Im April umriss Karl Meier / Rolf unter dem Titel "Heiterkeit wird einem sicher das Rückgrat nicht krümmen" noch einmal die gegenwärtige Lage und verband sie mit weiterhin notwendigen Aufgaben und Zielen:3

"[...] Die Grundlage der übernationalen Kameradschaft konnte mit der Dreisprachigkeit der Zeitschrift geschaffen werden. Aber - seien wir ehrlich - diese Grundlage ist leider immer noch viel zu klein. [...]

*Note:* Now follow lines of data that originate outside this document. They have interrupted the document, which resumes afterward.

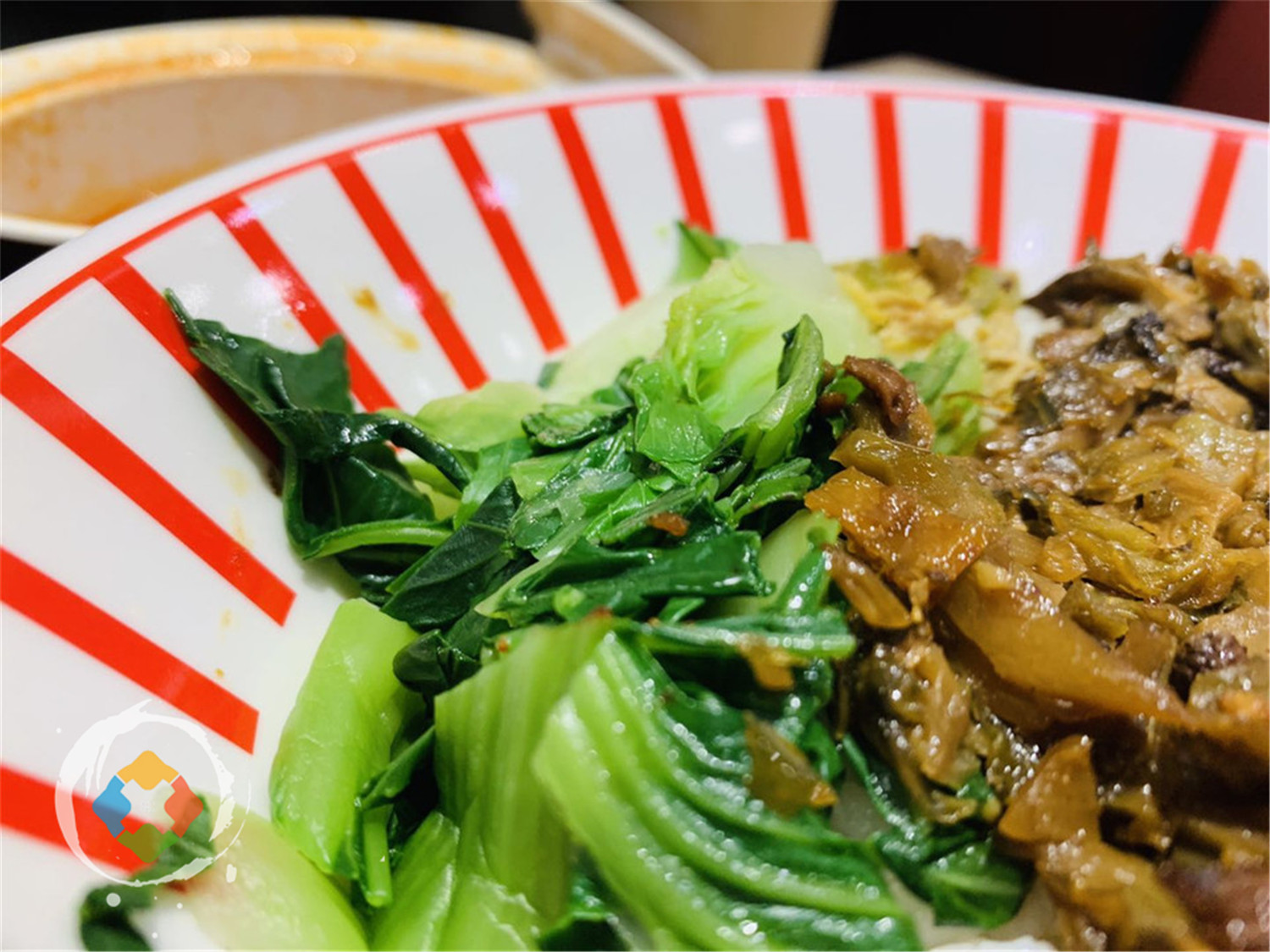 重庆乡村基新品，为本地人定制的烧白与回锅肉，性价比有多高？﻿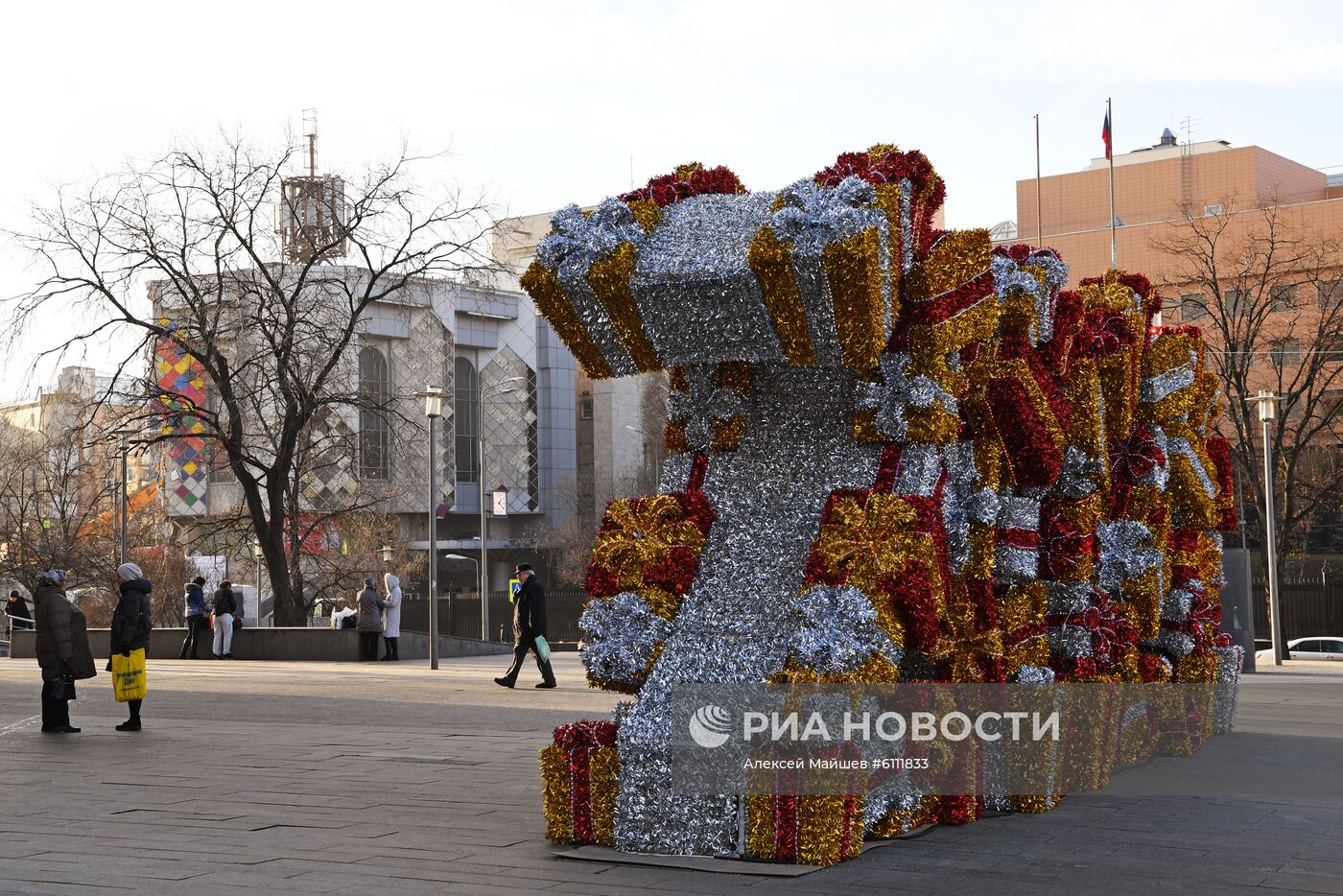 Продолжается снос киноцентра "Соловей" на Красной Пресне в Москве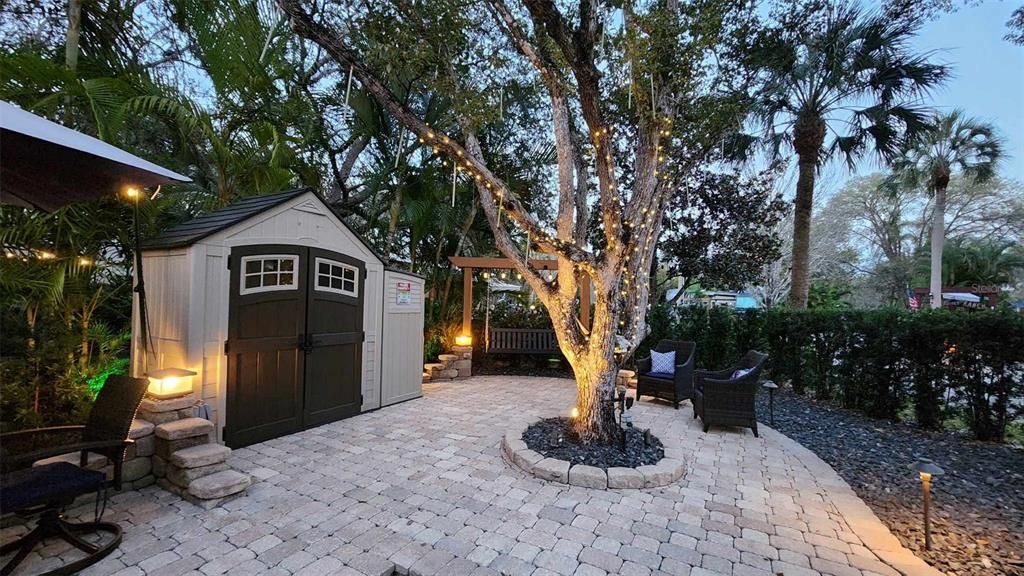 For Sale: $185,000 (0.10 acres)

Eine Erweiterung der finanziellen Grundlage hoffen wir mit dem Conti-Club in Zürich zu schaffen. [...] Wir haben am Anfang dieses Jahres an alle Abonnenten in der Schweiz und in Deutschland Werbehefte geschickt mit der Bitte um Weitergabe an Interessierte - der Erfolg fällt leider kaum in die Waagschale. [...]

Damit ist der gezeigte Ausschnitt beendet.